The addr tool was created to attack the problem from the other side. There had been other tools which would help debug things, but many were less specific than I'd wanted. Particularly, the where tool (no idea who it was by) would only give information about modules (at least, as I remember). addr was designed to break down regions into nested areas. Each areas had its own description handlers which could describe the areas within it. Not particularly complex, really, but it was incredibly useful in debugging aborts.

Later, I added the ability to debug areas in Absolutes, and using the last abort address (rather than having to enter it by hand). This made debugging errors a bit simpler - if you had an abort, but missed the error message, simply using '*Addr -a' would give you the location of the problem, and the nested locations it lived in.

All in all, Addr was (I think) one of the more useful tools for debugging failures, especially when you don't have the original code. BTSDump later made it almost entirely obsolete, but for quite a few years, Addr was the tool for debugging . I think it was pretty fondly thought of, but like many little tools, it is useful when you need it - but then completely forgotten.

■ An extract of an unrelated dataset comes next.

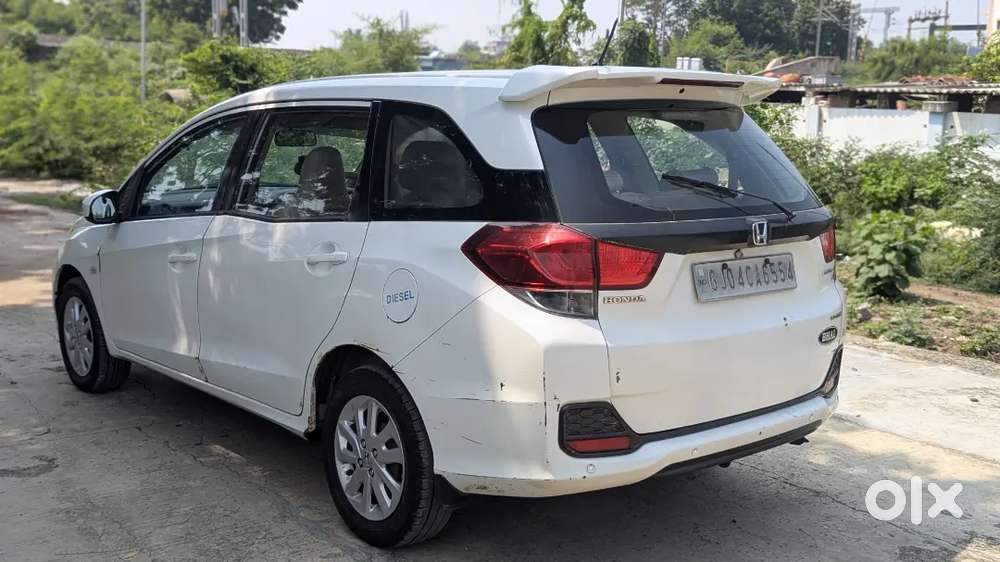 Honda Mobilio 1.5 V 2016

For example, generating an error by using SWI Wimp_ReportError &33445566 could be debugged by using *Addr -a. The -a uses the location of the last abort as the address to debug.

*addr -a
Address &2217244
  OS: Module area (read/write), at &2100000 offset &117244 (size &2ac000)
    Heap block, at &2216f20 offset &324 (size &1f20)
      Module ErrorLog, at &2216f24 offset &320 (size &1f1c)
        Function currenttaskname, at &22171a8 offset &9c (size &bc)

Because the ErrorLog module is present, it tries to record where the error occurred, but this causes an abort as it tries to read some memory.

Zap code mode

Long before Addr, I did a little work with !Zap. I had written my own extension module - imaginatively named ZapJRF - which provided a number of features that I found useful. The command language used by !Zap didn't provide a lot of the functionality that I wanted to use day-to-day.

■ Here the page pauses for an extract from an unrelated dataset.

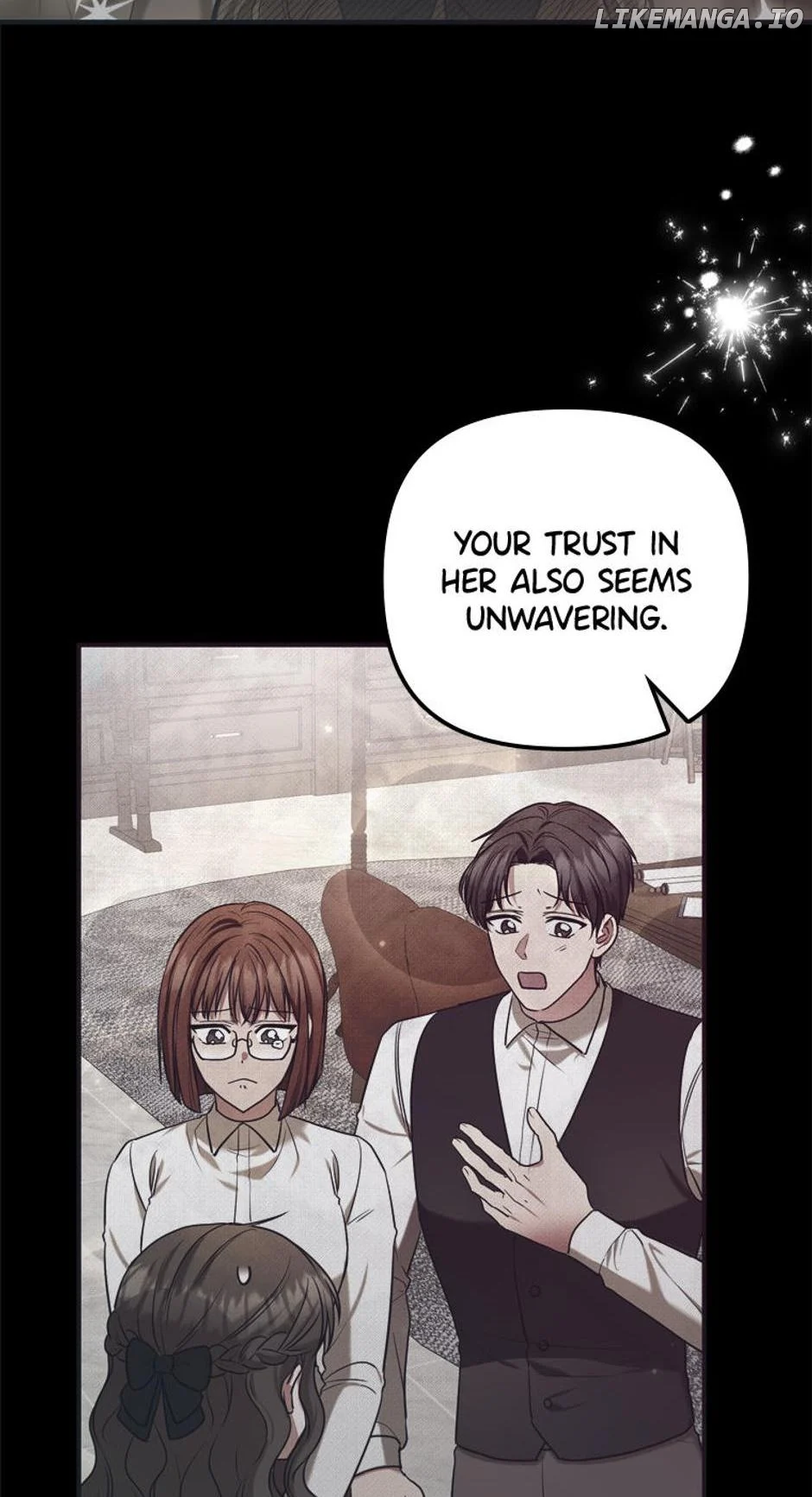 Duke Please Fail! Chapter 19 page 19 -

I wanted key sequences that just did what I wanted, whatever mode I was in. So if I pressed ctrl-P it would comment out a line, using whatever method was normal for the language mode the editor was in (and ctrl-O to remove the commenting). Similarly, ctrl-G should provide a function header comment for me to fill in, whatever the language. My extension provided conditional execution code for different modes, and depending on what text was at the cursor, as well as special file based execution (so that you should just say 'run these !Zap commands from a file', rather than having the commands all embedded in the main configuration file).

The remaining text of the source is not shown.